Regions with significant populations
- South Korea: 54,549 (Jan. 2024)
- United States: 43,430 (2023)
- Japan: 21,359 (Dec. 2025)
- Czech Republic: 15,260 (July. 2026)
- Sweden: 12,800 (2023)
- Australia: 15,290 (June.2024)
- Germany: 7,265 (2023)
- Kazakhstan: 7,218 (2020)
- France: 7,000 (2023)
- China (excluding ethnic Mongols living in Inner Mongolia): 6,428 (2023)
- Ireland: 5,340 (2024)
- Russia (excluding Kalmyks, Buryats, and Tuvans): 5,071 (2023)
- United Kingdom: 3,701 (2010)
- India: 1,116 (2010)
- Taiwan: 684 (2021)
- Ukraine: 200 (2024)

Languages
- Mongolian

Related ethnic groups
- Mongols

= Mongolian diaspora =

Mongolians who live abroad

The Mongolian diaspora refers to people from the modern country of Mongolia who live outside Mongolia. According to the Mongolian census of 2020, 122,550 Mongolian nationals were reported to be living abroad for more than six months, an increase of 14% from the previous census conducted in 2010. In a recent 2023 report by the Ministry of Foreign Affairs, 211,611 Mongolian nationals were reported to be residing overseas.

The largest Mongolian populations were recorded in South Korea, the United States, Japan, the Czech Republic, Sweden, and Australia, all with over 10,000 Mongolians. 6.1% of Mongolia's total population resides abroad.

==Demographics==
According to the 2020 census, the diaspora was reported to mostly be of working age, skewing female, with the population of children (0-14) almost doubling from 2010 to 2020, indicating more long-term settlement abroad. 74.5% of the diaspora population originated from Ulaanbaatar, with the next most common provinces of origin being Bayan-Ölgii, Darkhan-Uul, and Orkhon.
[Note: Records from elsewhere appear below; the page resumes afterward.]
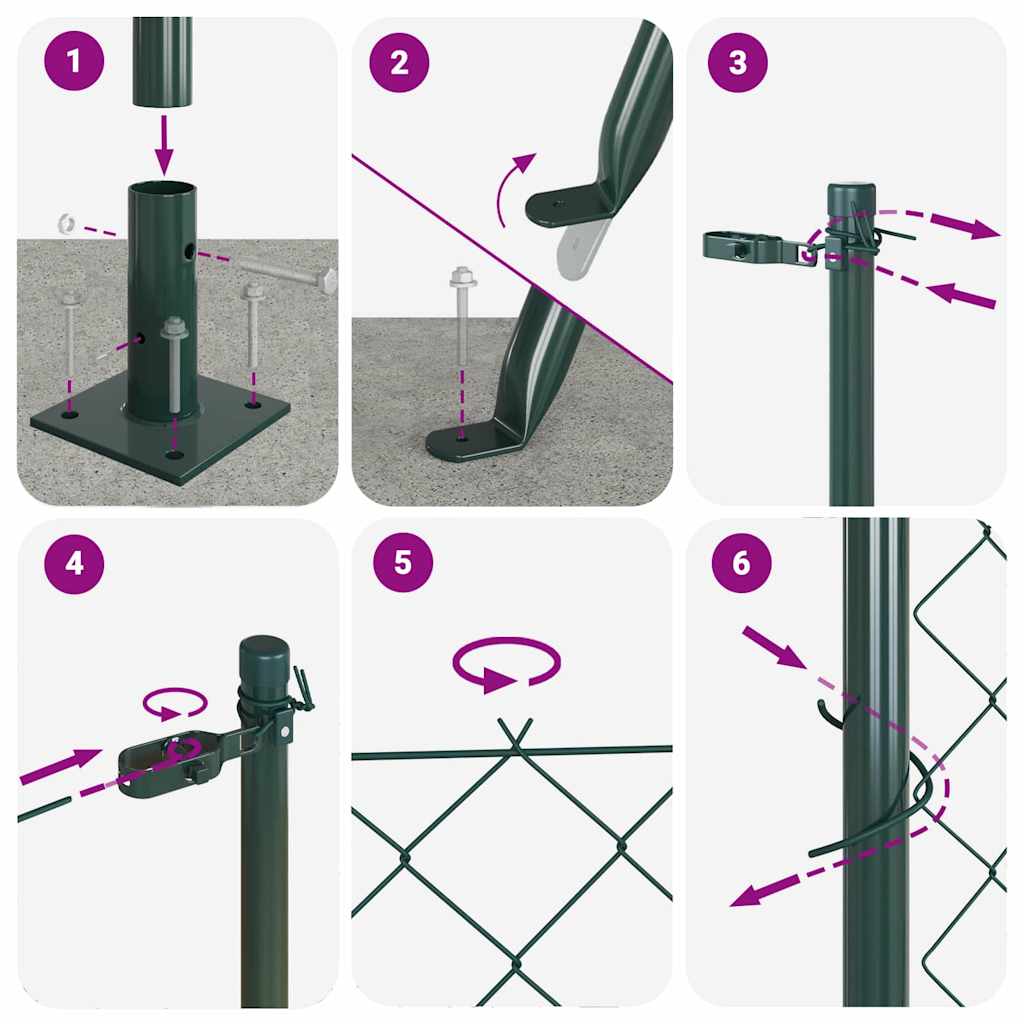 Fence Post Green 10 x 1.4 m (40 x 40 mm mesh) Steel and PVC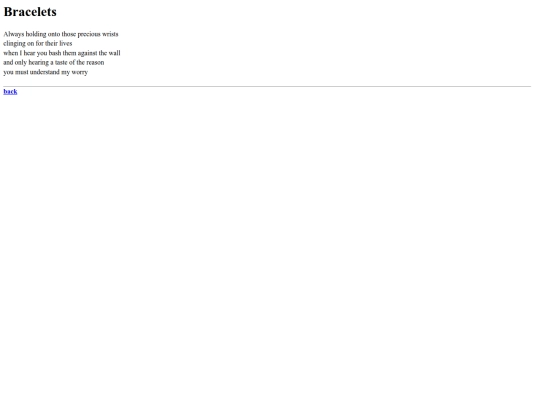 poems/bracelets screenshot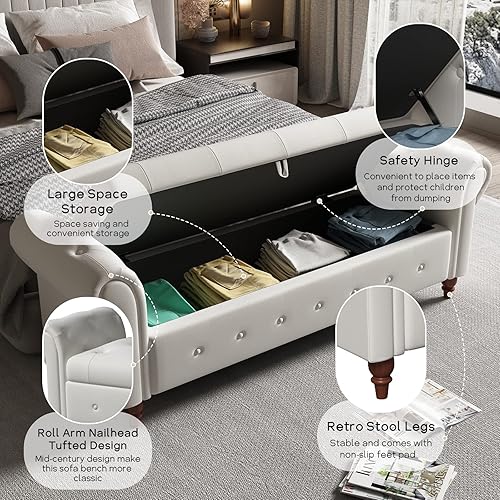 Miniatura 3 de NIOIIKIT Banco otomano de almacenamiento de 63 pulgadas, banco de entrada con botones al final de la cama, sofá otomano armado enrollado para Beige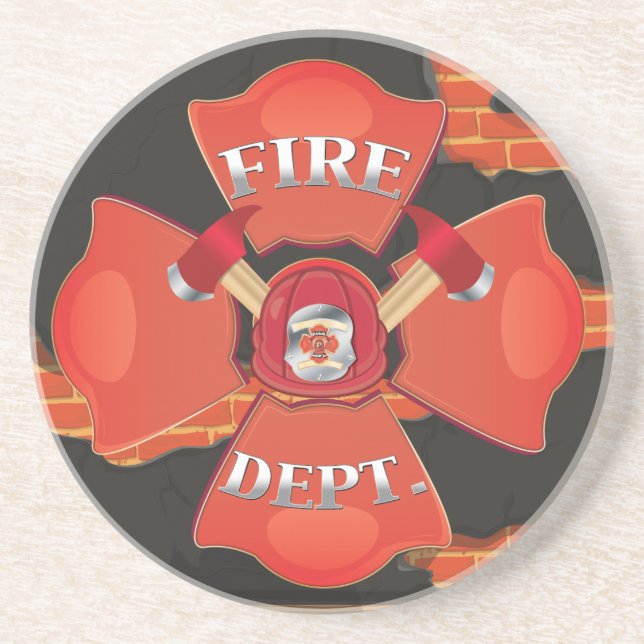 Fire Dept Logo Coaster (Front)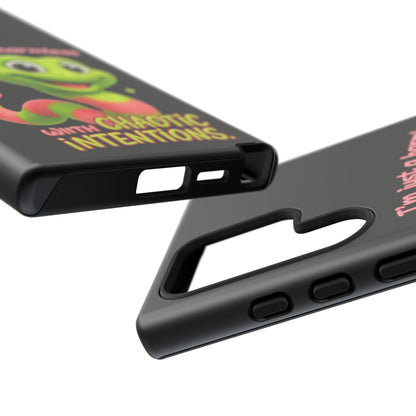 Phone Case — “I’m Just a Harmless Lil Worm… With Chaotic Intentions” Cute Cartoon Worm Design
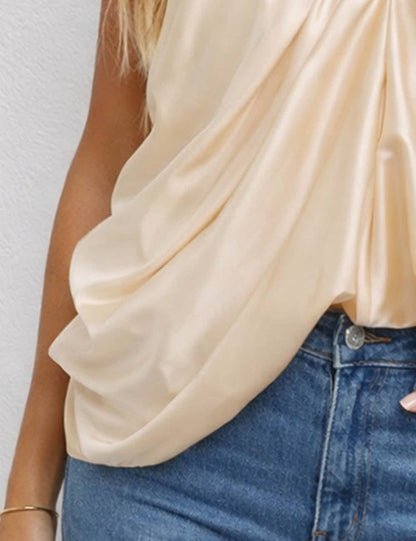 The Allure Satin Ruched Top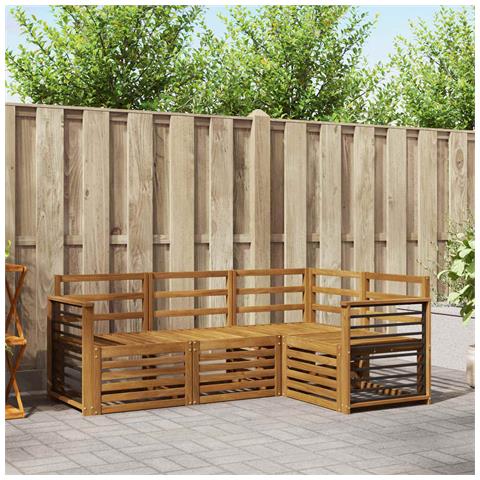 Set divani 4 pcs Naturale Legno di Acacia Massello - Foto 2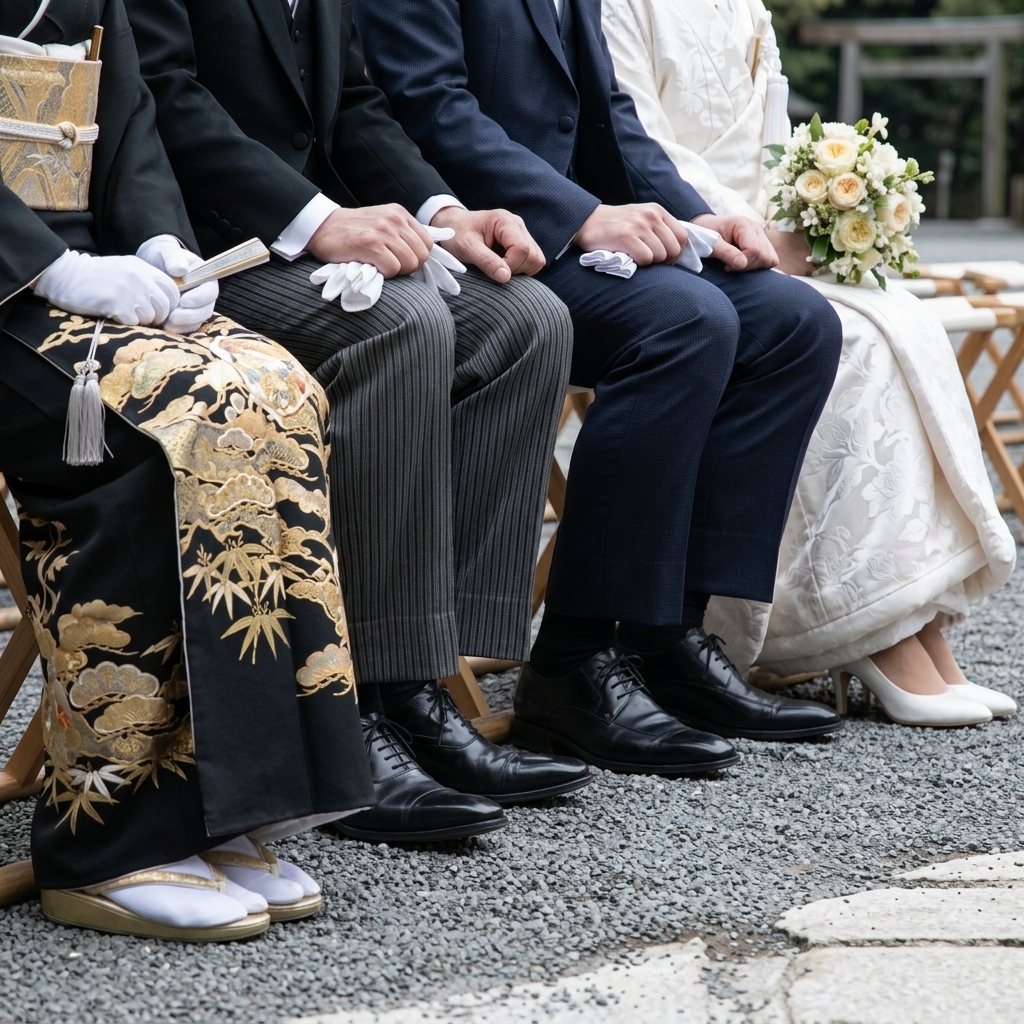 結婚式の披露宴会場でドレスを着て着席するゲスト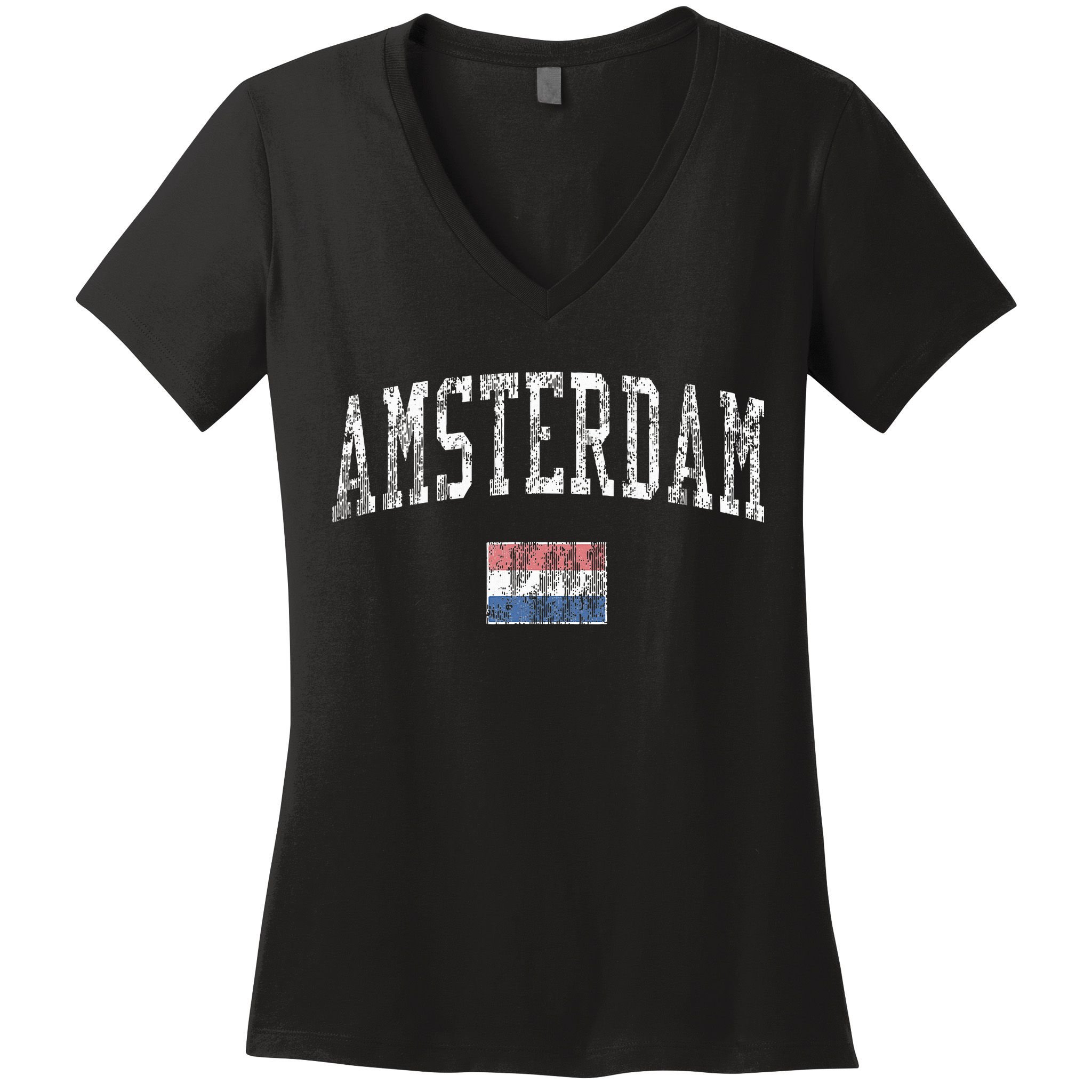 Amsterdam Netherlands Vintage Sports Women's V-Neck T-Shirt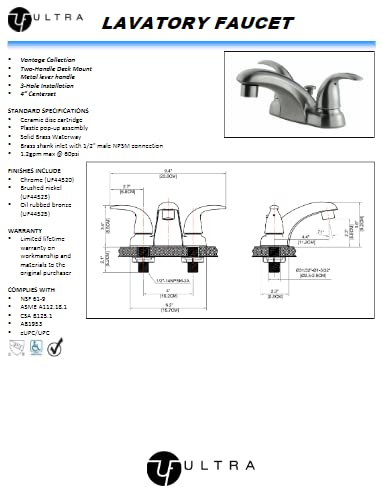 Ultra Faucets UF4452X Vantage Collection Bathroom Faucet, Two-Handle 4" Centerset Lavatory Faucet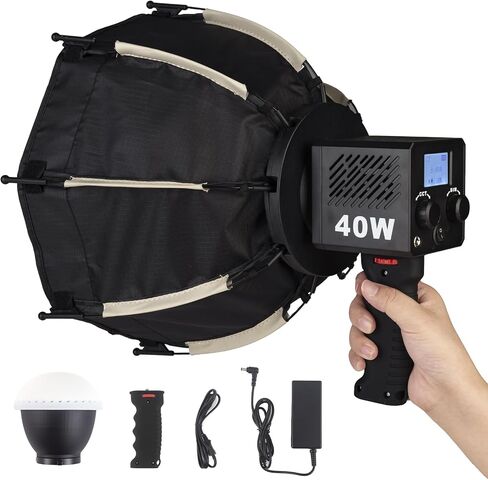 M60 Handle LED Video Light with Soft Box Protable Mini COB LED Bi-Color 2500-8500K CRI≥95 TLCI≥97 Built-in 3400mAh Battery Photo Studio Lights Vlog Shoot Fill Lighting 8 Scenes (M60 Handle lamp) in Saudi Arabia
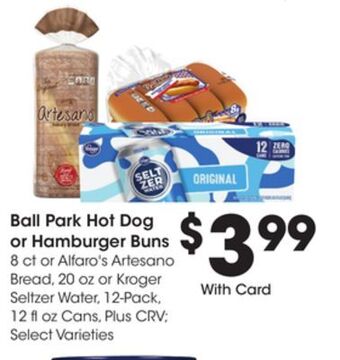 Ralphs Ball park hot dog or hamburger buns offer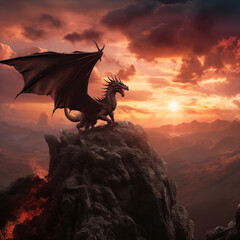Wall Mural - dragon dramatic sunset in clouds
Mongolians residing in Europe were reported to have the highest average duration of settlement (11+ years), while those in Russia, China, South Korea, and Japan were mostly short-term residents (less than 1 year).

In the European Union, the Czech Republic has the largest Mongolian diaspora, out of which the vast majority reside in the North Bohemian city of Česká Lípa. The community there has grown significantly in the last five years, and of the approximately 400 "foreign" students in the local elementary schools, 300 are of Mongolian descent. The city had to take extraordinary measures by hiring native Mongolian speakers at local schools to educate the local Mongolian diaspora youth.

The majority (46.7%) of Mongolians abroad initially went as students, and 44% of the diaspora population had tertiary degrees.